В другой год отъезд происходил из Кронштадта, а на первой открытке стоял штемпель Гамбурга или Лондона, за ними Парижа или Гааги.

Однажды пришло письмо из Абиссинии. Зинаида Петровна умудрилась попасть во дворец негуса. Там, вероятно нарушая все этикеты (потому что никогда их не признавала), она вступила в обстоятельную беседу с негусом негести. Она восторженно писала, что он «очень мил». И «подумать только: по-настоящему верит в бога».

При этих словах Леонид Петрович рассмеялся:

— Поверьте, застрянь она в Аддис-Абебе подольше — наверное, доказала бы негусу, что вера — заблуждение: она убежденная атеистка.

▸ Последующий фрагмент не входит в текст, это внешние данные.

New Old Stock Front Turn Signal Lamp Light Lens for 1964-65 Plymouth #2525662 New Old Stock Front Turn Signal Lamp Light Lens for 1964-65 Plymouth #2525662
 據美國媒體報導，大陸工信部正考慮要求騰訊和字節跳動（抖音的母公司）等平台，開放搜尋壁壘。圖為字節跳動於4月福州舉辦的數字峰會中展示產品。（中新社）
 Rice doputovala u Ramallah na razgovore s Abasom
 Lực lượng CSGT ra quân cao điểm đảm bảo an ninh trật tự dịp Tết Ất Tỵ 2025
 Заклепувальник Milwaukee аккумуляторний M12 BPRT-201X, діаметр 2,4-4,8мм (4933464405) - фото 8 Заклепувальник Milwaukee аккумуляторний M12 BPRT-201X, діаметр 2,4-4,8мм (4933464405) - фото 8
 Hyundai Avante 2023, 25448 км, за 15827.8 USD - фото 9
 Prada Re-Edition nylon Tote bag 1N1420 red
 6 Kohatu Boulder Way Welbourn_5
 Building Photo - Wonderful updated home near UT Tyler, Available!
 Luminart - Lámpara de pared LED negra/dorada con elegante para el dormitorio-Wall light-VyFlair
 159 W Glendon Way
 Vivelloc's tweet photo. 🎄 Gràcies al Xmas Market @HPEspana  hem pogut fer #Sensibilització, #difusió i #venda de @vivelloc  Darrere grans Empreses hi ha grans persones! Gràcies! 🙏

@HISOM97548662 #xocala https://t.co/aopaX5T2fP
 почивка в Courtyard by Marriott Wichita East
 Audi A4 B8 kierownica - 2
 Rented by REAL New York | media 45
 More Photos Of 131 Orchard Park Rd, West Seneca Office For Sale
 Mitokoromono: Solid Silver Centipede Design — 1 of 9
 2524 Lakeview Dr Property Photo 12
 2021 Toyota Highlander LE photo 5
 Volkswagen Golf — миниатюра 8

Когда Анна Андреевна и Леонид Петрович вернулись на веранду, самовар допевал свою песенку. Зинаида Петровна встала и пошла гостье навстречу. И все: аккуратно подрезанная седая челка, гладкое черное платье с белым воротничком, широкий кожаный пояс, из-за которого свешивалась цепочка от часов, — все это было теперь для Анны Андреевны полно прелести и значения. Смысл этого был еще и в том, что по другую сторону стола сидела Сима Маленькая — советский ученый, доктор физических наук, с которым у Андрея было важное общее дело.

Анна Андреевна бережно, обеими руками, взяла сухую руку старушки и осторожно сжала ее. Хотя, право, ей очень хотелось эту руку поцеловать.